In materials science, the bulk coordination number is the number of atoms touching any other atom in a crystal lattice. It differs significantly from the chemistry definition because while diamond (which is entirely made of carbon) has a coordination number of 4, graphite (which is also entirely made out of carbon) has a coordination number of 3. It differs from the surface coordination number which is always less than the bulk coordination number. The surface coordination number is dependent on which Miller index the surface uses. In a body-centered cubic (BCC) crystal, the bulk coordination number is 8, whereas for the (100) surface, the surface coordination number is 4.

There are many definitions of the term coordination number, but there is no one simple unambiguous definition that works in all cases. For simple monodentate and chelating ligands, the coordination number can be defined as the number of atoms or ligands directly bonded to the metal atom. For example, [Fe(NH3)6]3+ and [Fe(en)3]3+ are both 6-coordinate complexes. But complications quickly arise when one considers the bonding of alkene or alkenyl fragments such as ethylene and cyclopentadienyl. For example, in ferrocene all ten cyclopentadienyl carbons are equally bonded to the iron center, but few would call this a 10-coordinate complex.
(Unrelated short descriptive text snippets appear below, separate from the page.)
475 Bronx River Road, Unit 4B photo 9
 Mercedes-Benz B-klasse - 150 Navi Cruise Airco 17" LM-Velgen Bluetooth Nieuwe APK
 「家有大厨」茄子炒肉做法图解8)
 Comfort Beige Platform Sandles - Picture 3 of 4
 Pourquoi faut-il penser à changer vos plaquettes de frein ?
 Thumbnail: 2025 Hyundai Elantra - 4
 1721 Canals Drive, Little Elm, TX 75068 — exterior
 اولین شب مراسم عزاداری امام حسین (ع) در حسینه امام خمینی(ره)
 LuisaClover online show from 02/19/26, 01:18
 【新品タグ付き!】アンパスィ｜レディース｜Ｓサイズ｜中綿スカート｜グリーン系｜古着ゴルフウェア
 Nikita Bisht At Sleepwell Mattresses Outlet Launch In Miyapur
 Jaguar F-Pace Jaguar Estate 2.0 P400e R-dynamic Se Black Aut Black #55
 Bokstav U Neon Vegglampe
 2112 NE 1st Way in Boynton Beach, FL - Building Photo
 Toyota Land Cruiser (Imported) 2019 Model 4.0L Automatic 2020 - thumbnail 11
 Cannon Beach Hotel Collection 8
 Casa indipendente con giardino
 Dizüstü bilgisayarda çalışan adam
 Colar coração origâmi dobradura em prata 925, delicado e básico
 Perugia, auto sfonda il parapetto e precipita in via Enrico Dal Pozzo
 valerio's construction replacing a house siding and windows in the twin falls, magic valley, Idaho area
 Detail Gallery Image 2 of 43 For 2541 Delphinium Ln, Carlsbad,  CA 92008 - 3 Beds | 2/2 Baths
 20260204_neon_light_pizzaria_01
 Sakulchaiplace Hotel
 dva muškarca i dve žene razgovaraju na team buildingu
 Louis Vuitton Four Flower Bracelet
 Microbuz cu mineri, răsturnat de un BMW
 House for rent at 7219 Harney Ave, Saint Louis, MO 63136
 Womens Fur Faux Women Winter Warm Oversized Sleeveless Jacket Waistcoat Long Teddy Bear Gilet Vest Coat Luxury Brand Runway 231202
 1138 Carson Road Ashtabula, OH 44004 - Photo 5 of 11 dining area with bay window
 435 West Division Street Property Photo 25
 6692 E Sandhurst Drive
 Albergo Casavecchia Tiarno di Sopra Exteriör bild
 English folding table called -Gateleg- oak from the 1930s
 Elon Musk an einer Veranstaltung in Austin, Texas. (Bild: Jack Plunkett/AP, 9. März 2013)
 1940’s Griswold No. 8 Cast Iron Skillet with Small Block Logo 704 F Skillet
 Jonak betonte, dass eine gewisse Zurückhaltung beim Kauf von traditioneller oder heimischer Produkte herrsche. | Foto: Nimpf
Given the reactivity and bonding of ferrocene, calling it a 2-coordinate complex doesn't seem quite right either. The general consensus is to consider ferrocene a six coordinate species because there are six electron pairs on the ligands that participate in bonding (using the ionic formalism).

While this method seems to alleviate the problem, it adds further complications. Here are some examples:

Alkoxide, imido and oxo ligands can donate one, two or three pairs of electrons to a metal center, but in all cases each only occupies one coordination site.

Cp2TiCl2 would not be considered an 8-coordinate complex by most chemists!

Alkene complexes can be drawn as neutral two electron donors but are sometimes considered dianionic bidentate ligands. Either way, alkenes are usually considered to occupy only one coordination site. Whew! This isn't easy. The way that I suggest is to count each pair of electrons donated to the metal, ignoring any pi-donation that is localized on a single atom. This allows you to count the pi and delta-type orbitals on cyclopentadiene, but ignore the pi-electrons from an imido ligand.